_AIM OF THE TASK_: Please copy the lines below, exactly as they are, from the one with "Hvid Skoda Octavia fra 2014" through the one with "Blusa Ampla 7/8 Decote Canoa - Marrom", and leave out the pictures.

_RECORD EXCERPTS_:
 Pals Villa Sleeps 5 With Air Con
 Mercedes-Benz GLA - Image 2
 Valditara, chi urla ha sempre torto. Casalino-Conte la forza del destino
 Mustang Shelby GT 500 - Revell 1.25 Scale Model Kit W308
...
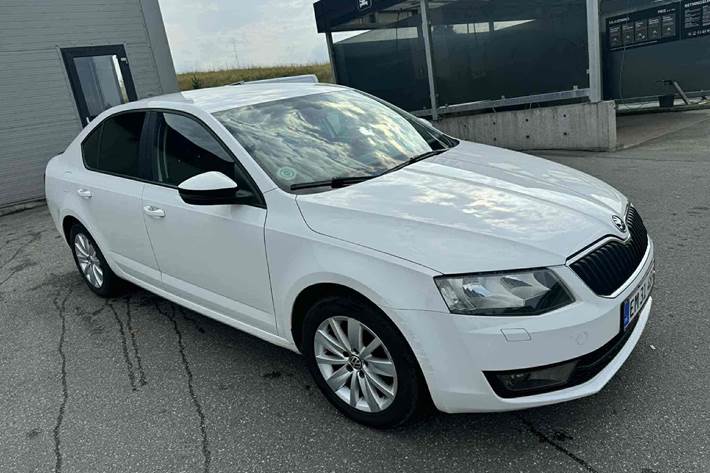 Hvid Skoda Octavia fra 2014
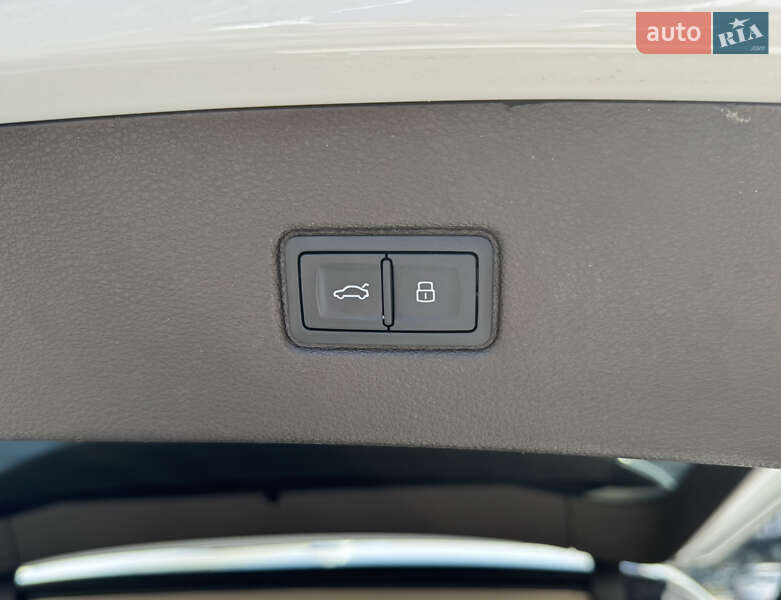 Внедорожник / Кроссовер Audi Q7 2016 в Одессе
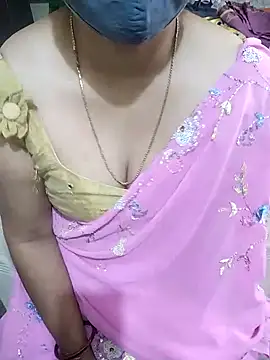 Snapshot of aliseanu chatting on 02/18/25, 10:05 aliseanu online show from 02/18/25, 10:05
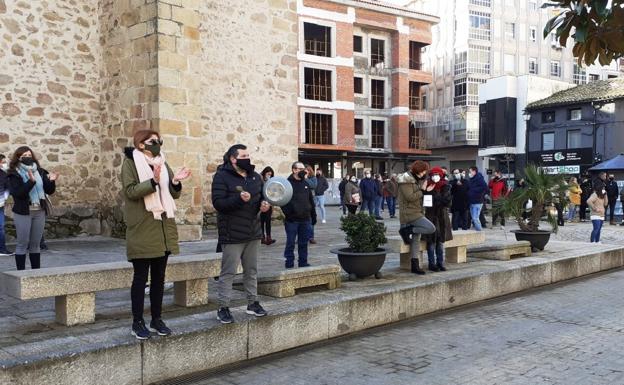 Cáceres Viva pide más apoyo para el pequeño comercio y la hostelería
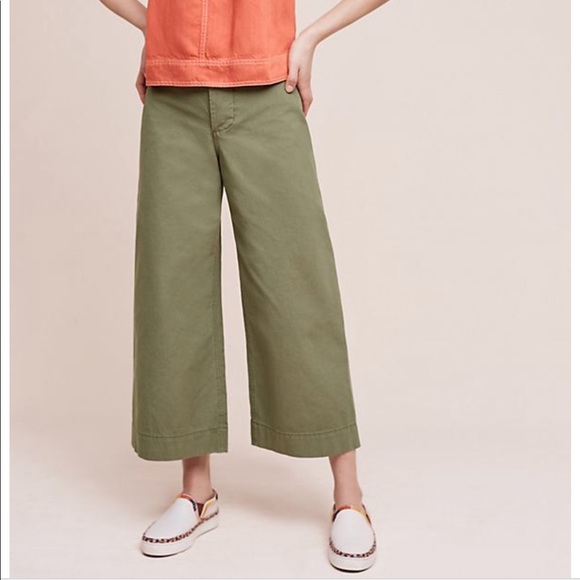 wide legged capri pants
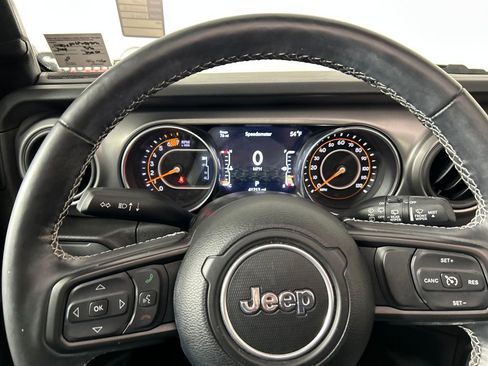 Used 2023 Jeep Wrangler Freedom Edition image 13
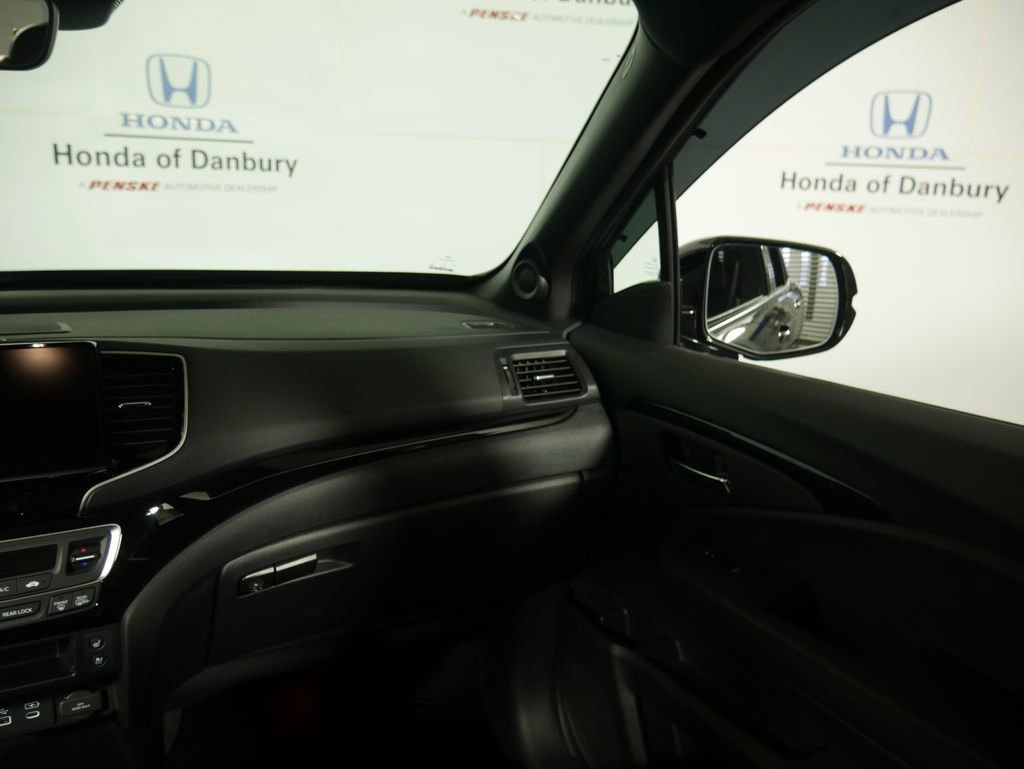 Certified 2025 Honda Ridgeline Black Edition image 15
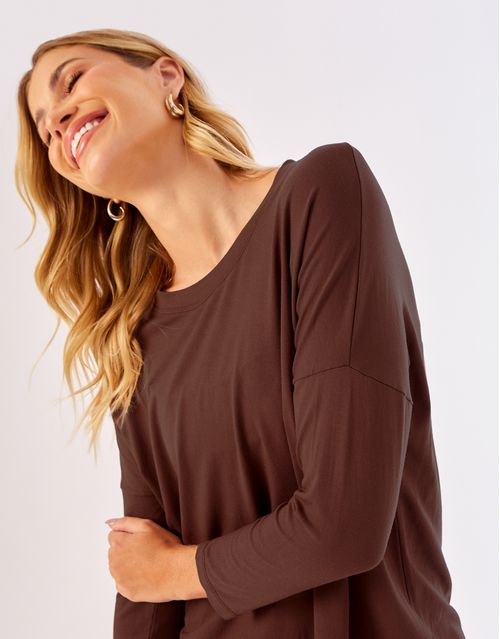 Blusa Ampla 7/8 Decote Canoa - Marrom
--
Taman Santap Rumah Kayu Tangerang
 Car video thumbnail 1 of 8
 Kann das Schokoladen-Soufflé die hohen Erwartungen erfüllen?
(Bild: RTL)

_WRITTEN RESPONSE_:
 Hvid Skoda Octavia fra 2014
 Внедорожник / Кроссовер Audi Q7 2016 в Одессе
 Snapshot of aliseanu chatting on 02/18/25, 10:05 aliseanu online show from 02/18/25, 10:05
 Cáceres Viva pide más apoyo para el pequeño comercio y la hostelería
 wide legged capri pants
 Used 2023 Jeep Wrangler Freedom Edition image 13
 Certified 2025 Honda Ridgeline Black Edition image 15
 Blusa Ampla 7/8 Decote Canoa - Marrom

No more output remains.